In UTF-8 HTML files the BOM is unnecessary — UTF-8 has no endianness ambiguity, so the BOM carries no information. Worse, it can cause problems:

  • PHP scripts with a BOM send output before any headers, breaking header() calls
  • Some editors display a spurious character at the top of the page
  • The XML declaration <?xml ... ?> must be the absolute first bytes — a BOM breaks XML parsing

Best practice: Save HTML files as UTF-8 without BOM. Most modern editors (VS Code, Vim, Sublime) default to this. If you receive files with BOMs, strip them during your build process.

HTML5's UTF-8 Default and Practical Checklist

HTML5 specifies that user agents must default to UTF-8 when no encoding is declared and heuristics are inconclusive. In practice, always declare explicitly. Here is the full checklist for correct encoding:

<!-- 1. Declare encoding early in <head> -->
<meta charset="UTF-8">

<!-- 2. Set the document language for rendering and accessibility -->
<html lang="en">

<!-- 3. Set direction if needed -->
<html lang="ar" dir="rtl">

On the server side:

# Nginx
charset utf-8;

# Apache .htaccess
AddDefaultCharset UTF-8

# Django (automatic) — verify with:
# response['Content-Type']  → 'text/html; charset=utf-8'

And in your database connection string, ensure the connection charset is also UTF-8 — otherwise characters survive the file and network layers but get mangled at the DB boundary.

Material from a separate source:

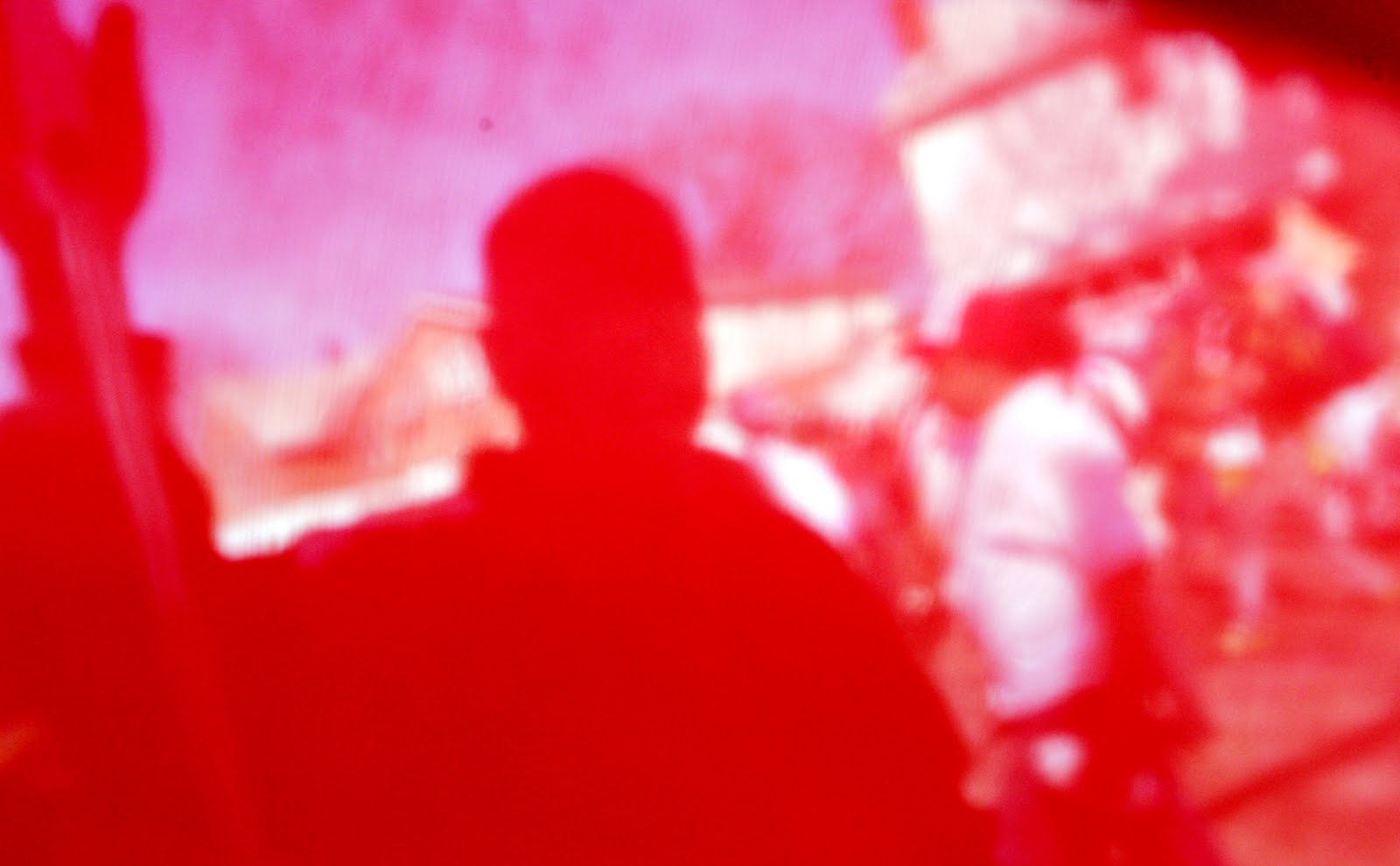 [Phagwah+more3+-+Santucci.jpg]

Special Cases: SVG and XML Embedded in HTML

Inline SVG in HTML5 documents inherits the document encoding. Standalone .svg files served as image/svg+xml are XML and can declare their own encoding:

<?xml version="1.0" encoding="UTF-8"?>
<svg xmlns="http://www.w3.org/2000/svg" ...>

When you embed SVG data URIs in CSS or HTML attributes, you must percent-encode characters that are special in URLs. The easiest path is to base64-encode the SVG, though this prevents easy editing.

Understanding the encoding stack — file, HTTP header, HTML declaration, form submission, database connection — lets you reason precisely about where characters might be corrupted. In a correctly configured UTF-8 stack, the answer is: nowhere.